As GC traces through strong references, it maintains a set of weaklings encountered. Once the worklist of strong references is empty, the set of WeakProperties is examined for any reachable keys, which add the corresponding values to the worklist. This repeats until the worklist is empty. (This is quadratic in the worst case. Previous versions of the Dart VM used the watched set optimization. In practice, things are flat.)

Finalizers

The GC is aware of two types of objects for the purposes of running finalizers.

  1. FinalizerEntry
  2. Finalizer (FinalizerBase, _FinalizerImpl, _NativeFinalizer)

A FinalizerEntry contains the value, the optional detach key, and the token, a reference to the finalizer, and an external_size.

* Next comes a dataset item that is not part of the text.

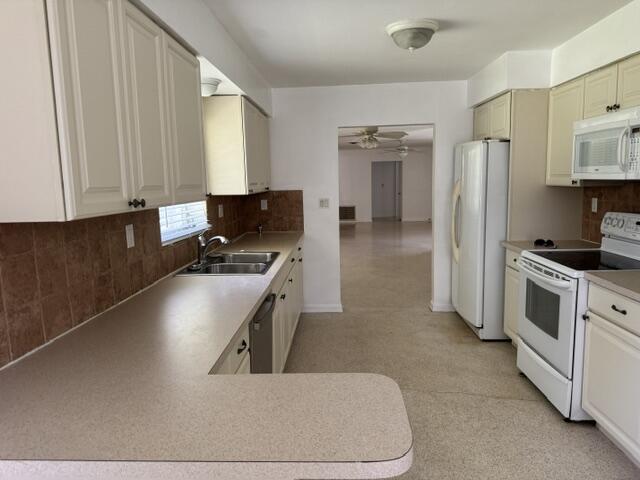 860 Nw 65th Avenue Property Photo 8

An entry only holds on weakly to the value, detach key, and finalizer. (Similar to how WeakReference only holds on weakly to target).

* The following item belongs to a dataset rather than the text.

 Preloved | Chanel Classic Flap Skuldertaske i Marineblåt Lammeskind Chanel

A Finalizer contains all entries, a list of entries of which the value is collected, and a reference to the isolate.

When the value of an entry is GCed, the entry is added over to the collected list. If any entry is moved to the collected list, a message is sent that invokes the finalizer to call the callback on all entries in that list. For native finalizers, the native callback is immediately invoked in the GC. However, we still send a message to the native finalizer to clean up the entries from all entries and the detachments.

When a finalizer is detached by the user, the entry token is set to the entry itself and is removed from the all entries set. This ensures that if the entry was already moved to the collected list, the finalizer is not executed.

To speed up detaching, we use a weak map from detach keys to list of entries. This ensures entries can be GCed.

Both the scavenger and marker can process finalizer entries in parallel. Parallel tasks use an atomic exchange on the head of the collected entries list, ensuring no entries get lost. Mutator threads are guaranteed to be stopped when processing entries. This ensures that we do not need barriers for moving entries into the finalizers collected list. Dart reads and replaces the collected entries list also with an atomic exchange, ensuring the GC doesn't run in between a load/store.

When a finalizer gets posted a message to process finalized objects, it is being kept alive by the message. An alternative design would be to pre-allocate a WeakReference in the finalizer pointing to the finalizer, and send that itself. This would be at the cost of an extra object.

If the finalizer object itself is GCed, the callback is not run for any of the attachments.

On Isolate shutdown, native finalizers are run, but regular finalizers are not.

Become

Become is an operation that atomically forwards the identity of a set of objects. A heap walk is performed where every pointer to a before object is replaced with a pointer to an after object, and each after object gains the identity hash of the corresponding before object. In the Dart VM, it is only used during reload to map the old program and instances with the old sizes onto the new program and instances with the new sizes.

This operation dates back to the early Smalltalk implementations. It was O(1) because pointers were indirect through an object table and was used to resize collections.

There is also a variant of become that exchanges identities instead of forwarding that is not used by the Dart VM. It is useful if one needs to a install proxies in front of a subgraph and retain references to the objects behind the proxies. Before paging, this was an approach to virtual memory.